• _DATA SUPPLIED_
──────────

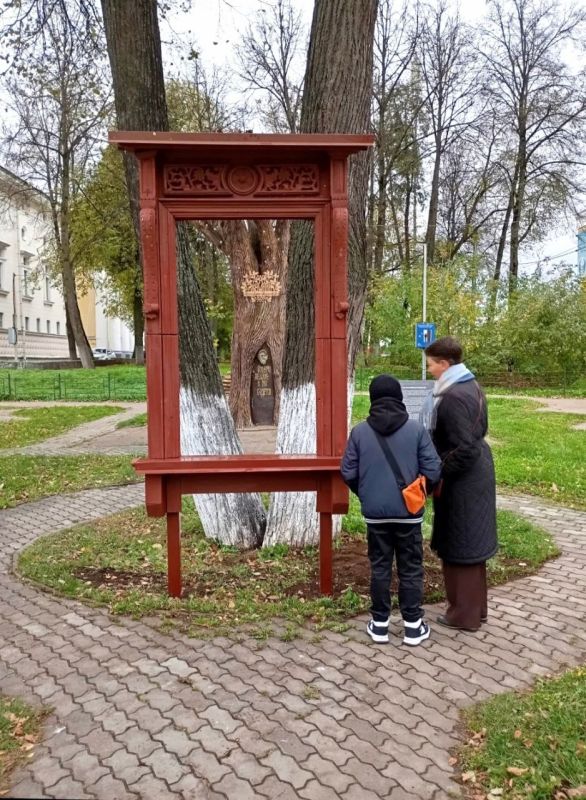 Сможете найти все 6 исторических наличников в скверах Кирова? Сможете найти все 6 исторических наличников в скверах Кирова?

──────────

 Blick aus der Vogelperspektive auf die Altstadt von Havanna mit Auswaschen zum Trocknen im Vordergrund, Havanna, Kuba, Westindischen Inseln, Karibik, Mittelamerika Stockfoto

──────────

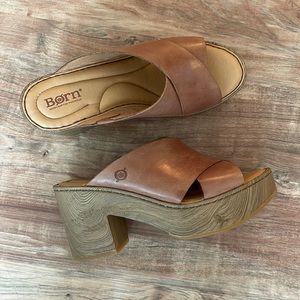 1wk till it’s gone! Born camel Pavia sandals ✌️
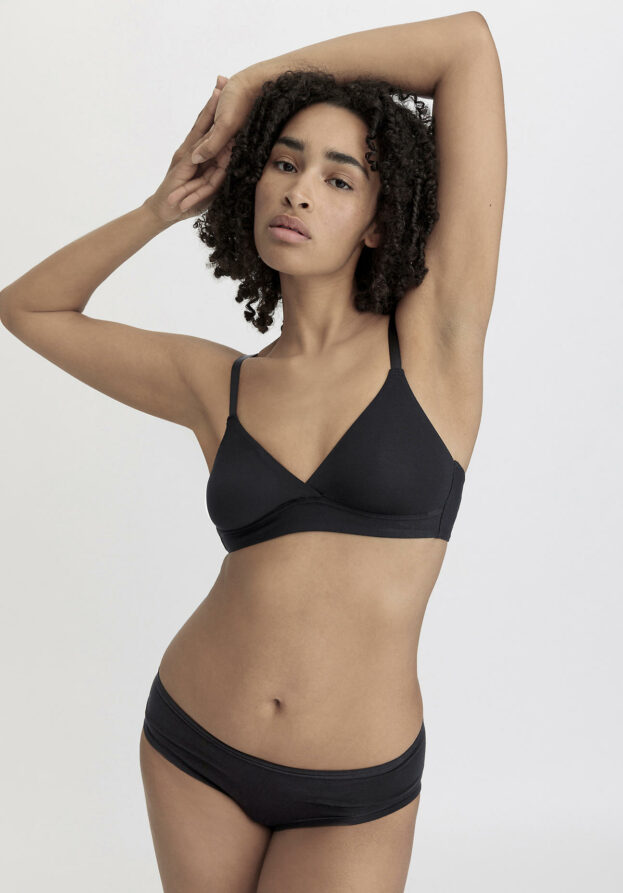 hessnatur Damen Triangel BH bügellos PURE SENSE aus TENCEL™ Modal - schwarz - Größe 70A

──────────

• _ACTION ITEM_
In the listing above, find the line containing "1wk till it’s". Output it and every line after it up to and including the line containing "hessnatur Damen Triangel", exactly, but skip the pictures.

• _RESULT_
 1wk till it’s gone! Born camel Pavia sandals ✌️
 hessnatur Damen Triangel BH bügellos PURE SENSE aus TENCEL™ Modal - schwarz - Größe 70A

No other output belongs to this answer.